Task instructions => Retype the lines from the one containing "Snow White with" through the last line of the entries below, exactly and in full, omitting every image.

*** Entries supplied

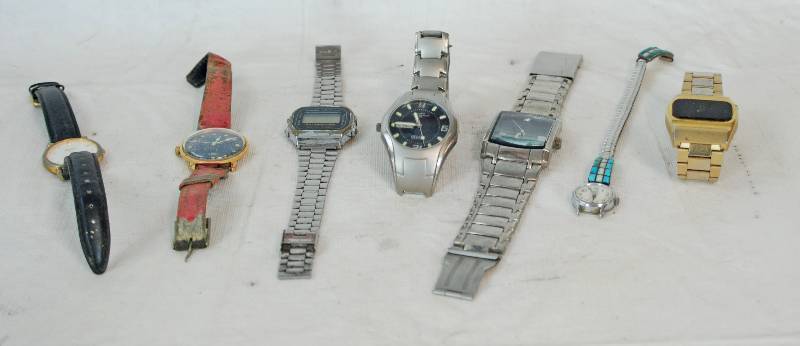 lot 3053 image: Assorted Watches - Its About That TIME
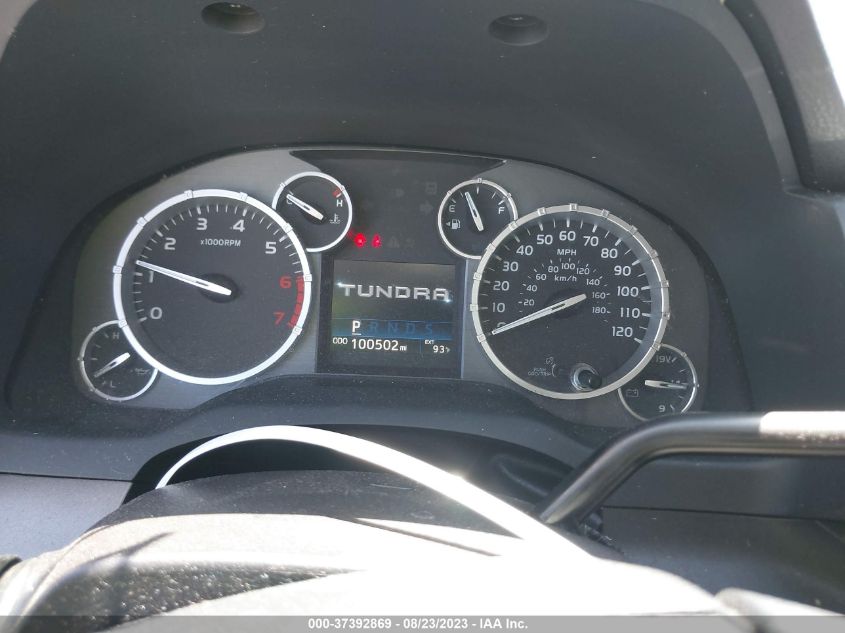 2016 TOYOTA TUNDRA 2WD TRUCK SR/SR5 - 5TFRM5F14GX098220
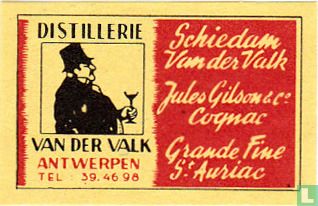 Distillerie Van der valk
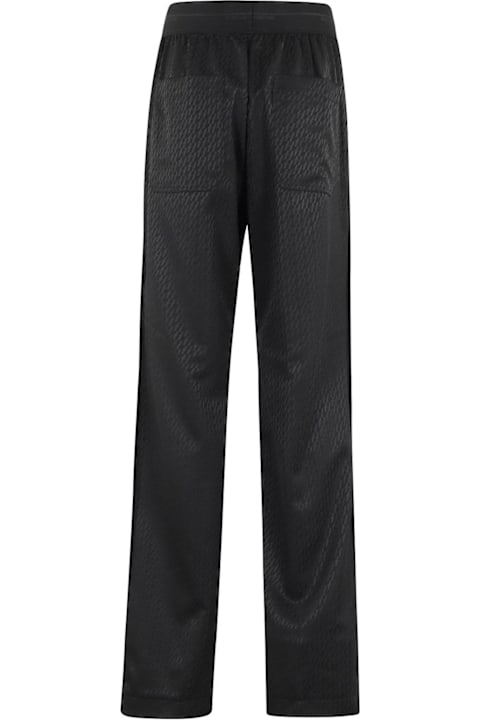 Helmut Lang for Kids Helmut Lang Logo-jacquard Straight-leg Trousers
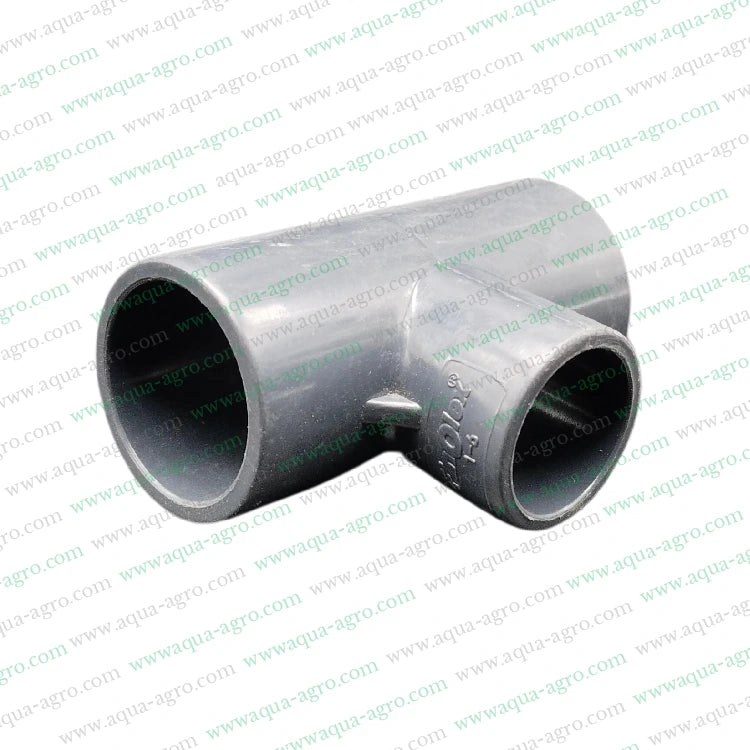 0.75 Inch PVC Pipe Tee,25mm to 20mm PVC Tee,Moulded PVC Fittings,10 kg/cm² Pipe Fittings,Finolex Reducing Tee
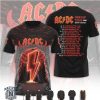 ACDC Pwr Up North America Tour 2026 Guitarist Rock Music T Shirt ACDC Pwr Up North America Tour 2026 Guitarist Rock Music T Shirt
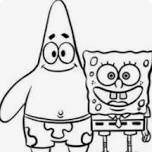 Sponge Bobb and Patrick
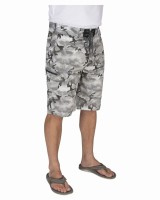 Tumunu Board Short, kolor: 771 - Print Hex Flo Camo Steel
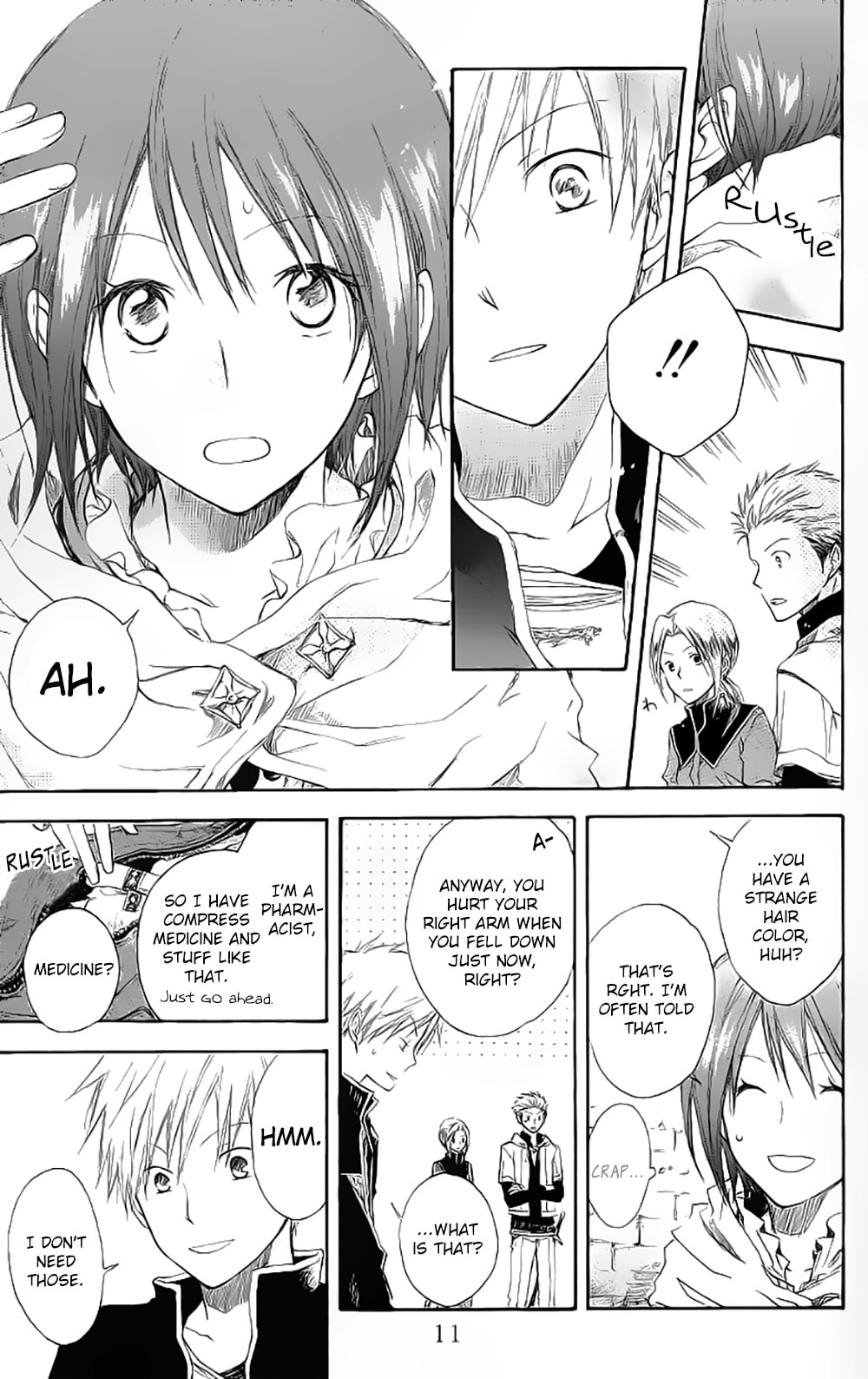 Snow White with the Red Hair Chapter 1.1 page 10 - 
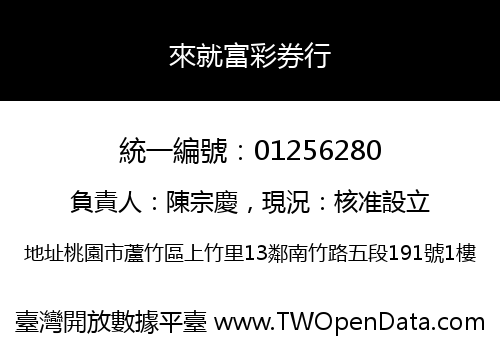 來就富彩券行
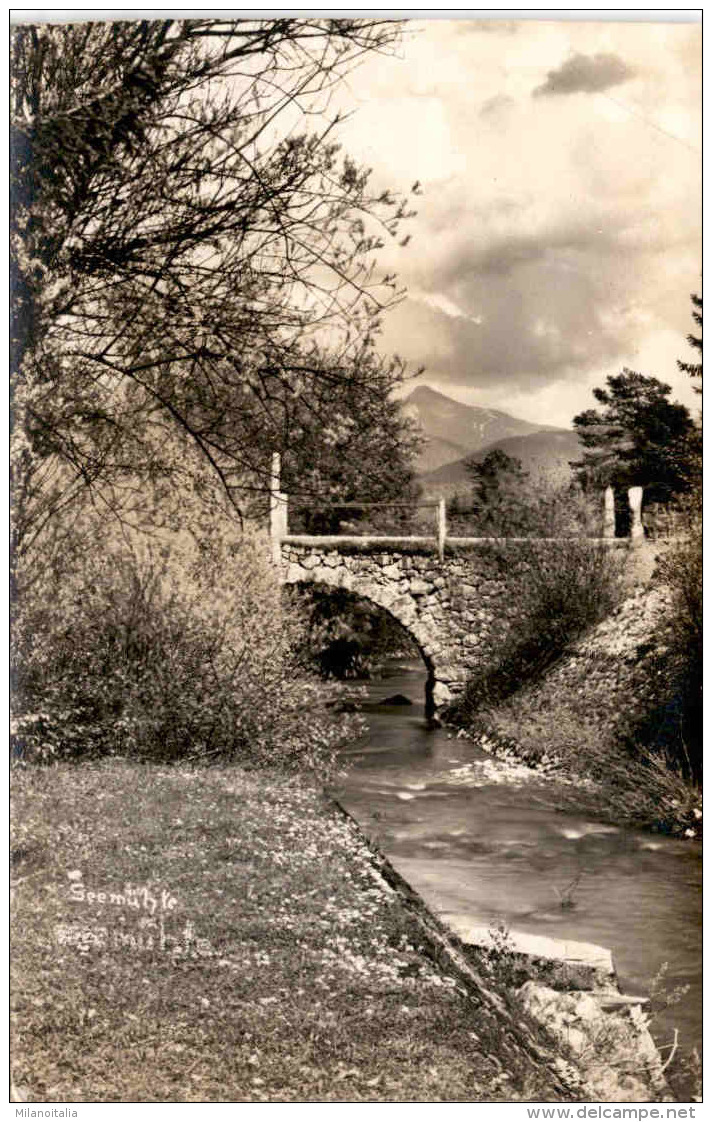 Walchsee - Seemühle * 10. 7. 1930 - Sonstige & Ohne Zuordnung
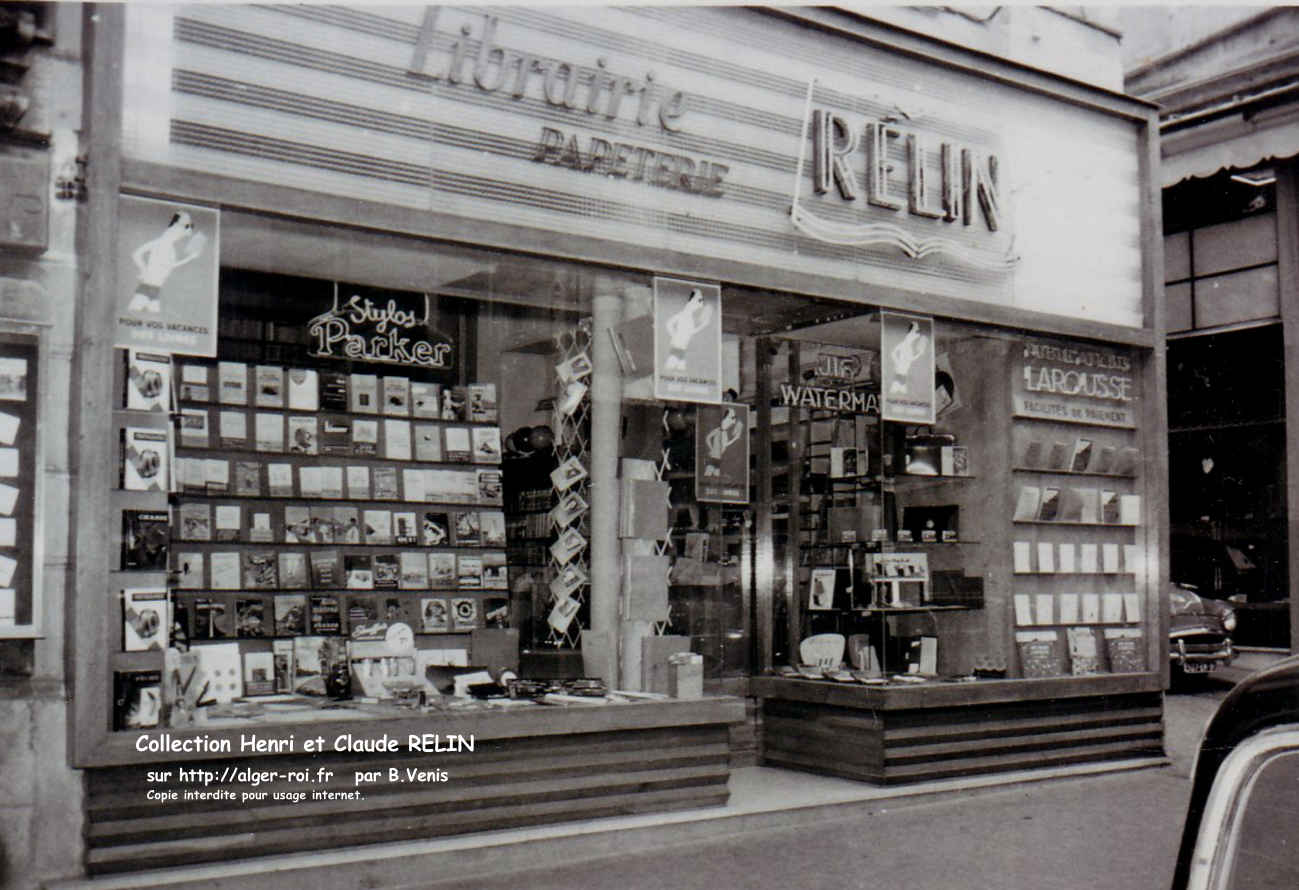 librairie Rélin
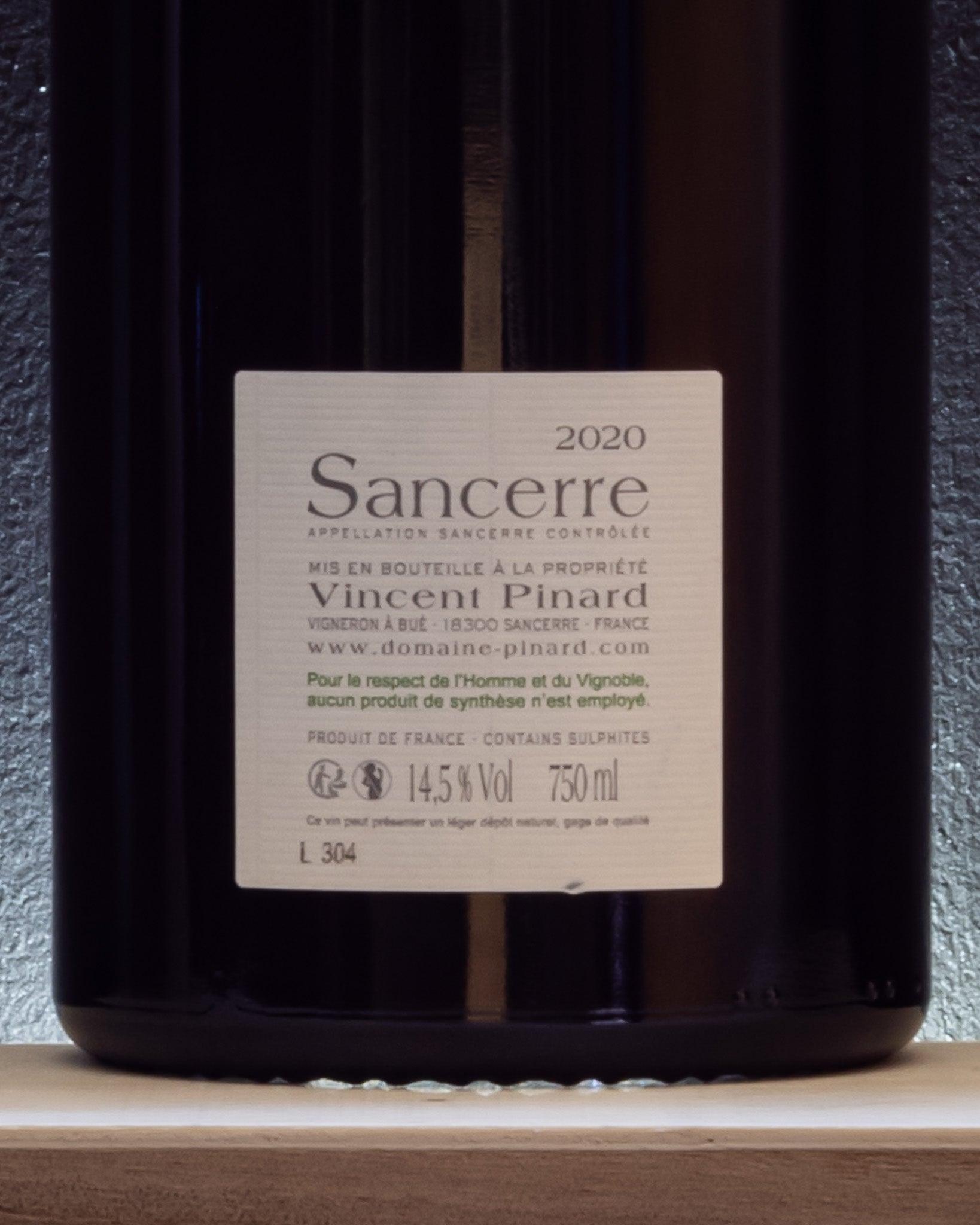 charlouise sancerre vincent pinard pinot nero francia retro etichette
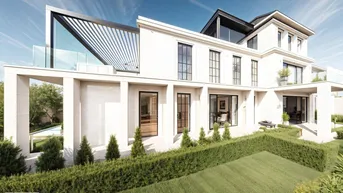 Expose "Sky Duplex" – Himmelwärts wohnen, stilvoll leben! Villa "Elida 9"- Wohnen und Leben in Donau-Nobellage!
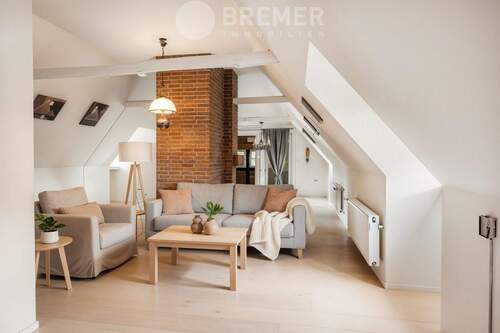Kaminzimmer DG - (KI generiert) - 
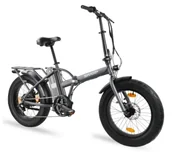 Rowery elektryczne - Sharp BK-FD06-EN Ciemnoszary - miniaturka - grafika 1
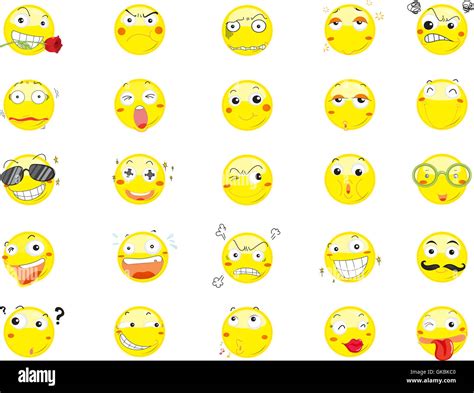 Cartoon Angry Face High Resolution Stock Photography and Images - Alamy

******

Task solution =>
 Snow White with the Red Hair Chapter 1.1 page 10 - 
 來就富彩券行
 Walchsee - Seemühle * 10. 7. 1930 - Sonstige & Ohne Zuordnung
 librairie Rélin
 charlouise sancerre vincent pinard pinot nero francia retro etichette
 Expose "Sky Duplex" – Himmelwärts wohnen, stilvoll leben! Villa "Elida 9"- Wohnen und Leben in Donau-Nobellage!
Kaminzimmer DG - (KI generiert) - 
 Rowery elektryczne - Sharp BK-FD06-EN Ciemnoszary - miniaturka - grafika 1
 Cartoon Angry Face High Resolution Stock Photography and Images - Alamy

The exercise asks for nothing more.